* [REQUIRED ACTION]: All lines in the records below with the word "Premium" must be returned.

* [RECORDED DATA]:
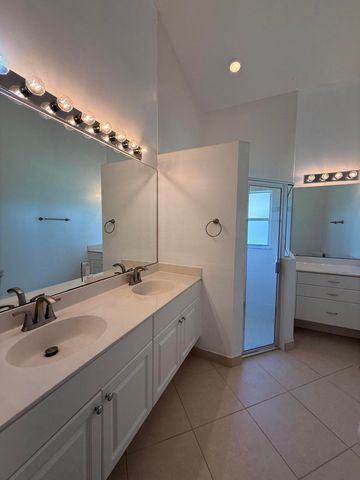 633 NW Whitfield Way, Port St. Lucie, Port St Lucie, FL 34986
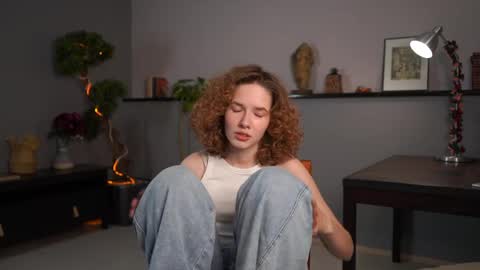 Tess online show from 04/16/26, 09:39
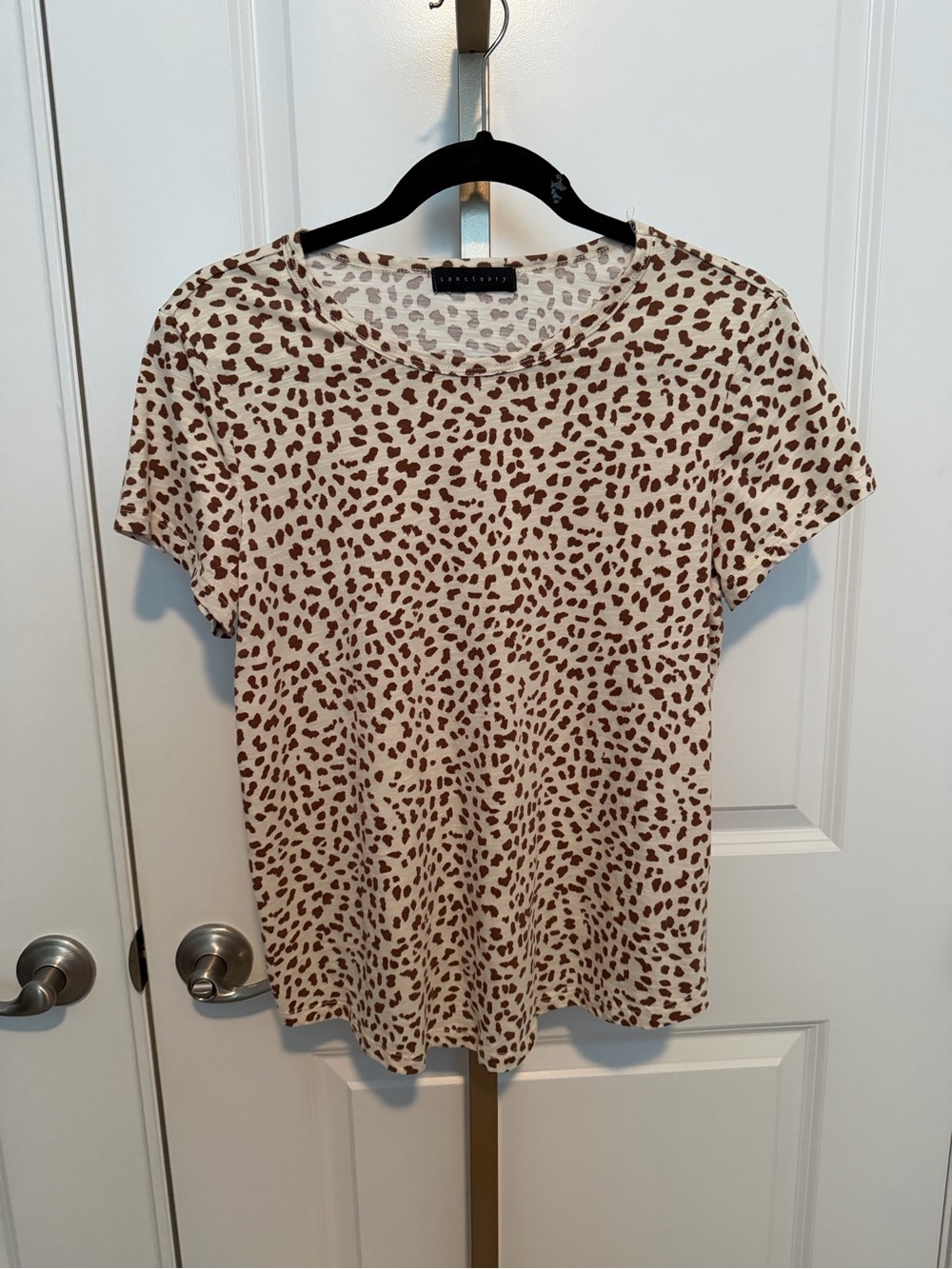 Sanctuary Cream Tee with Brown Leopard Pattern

...

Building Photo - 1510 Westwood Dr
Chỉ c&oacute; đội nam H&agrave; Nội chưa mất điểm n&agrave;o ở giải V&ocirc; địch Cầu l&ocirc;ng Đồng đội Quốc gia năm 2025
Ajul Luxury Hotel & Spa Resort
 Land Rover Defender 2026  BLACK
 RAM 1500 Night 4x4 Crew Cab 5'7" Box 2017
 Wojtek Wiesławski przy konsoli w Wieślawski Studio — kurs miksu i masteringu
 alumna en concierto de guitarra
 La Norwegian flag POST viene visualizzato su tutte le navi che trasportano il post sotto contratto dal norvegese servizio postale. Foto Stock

---

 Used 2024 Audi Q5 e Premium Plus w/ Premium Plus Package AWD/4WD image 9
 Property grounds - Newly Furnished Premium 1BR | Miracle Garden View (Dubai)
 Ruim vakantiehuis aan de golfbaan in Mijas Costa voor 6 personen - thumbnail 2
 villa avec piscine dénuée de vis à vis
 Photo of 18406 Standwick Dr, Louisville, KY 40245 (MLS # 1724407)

* [SOLUTION TO THE PROBLEM]:
 Used 2024 Audi Q5 e Premium Plus w/ Premium Plus Package AWD/4WD image 9
 Property grounds - Newly Furnished Premium 1BR | Miracle Garden View (Dubai)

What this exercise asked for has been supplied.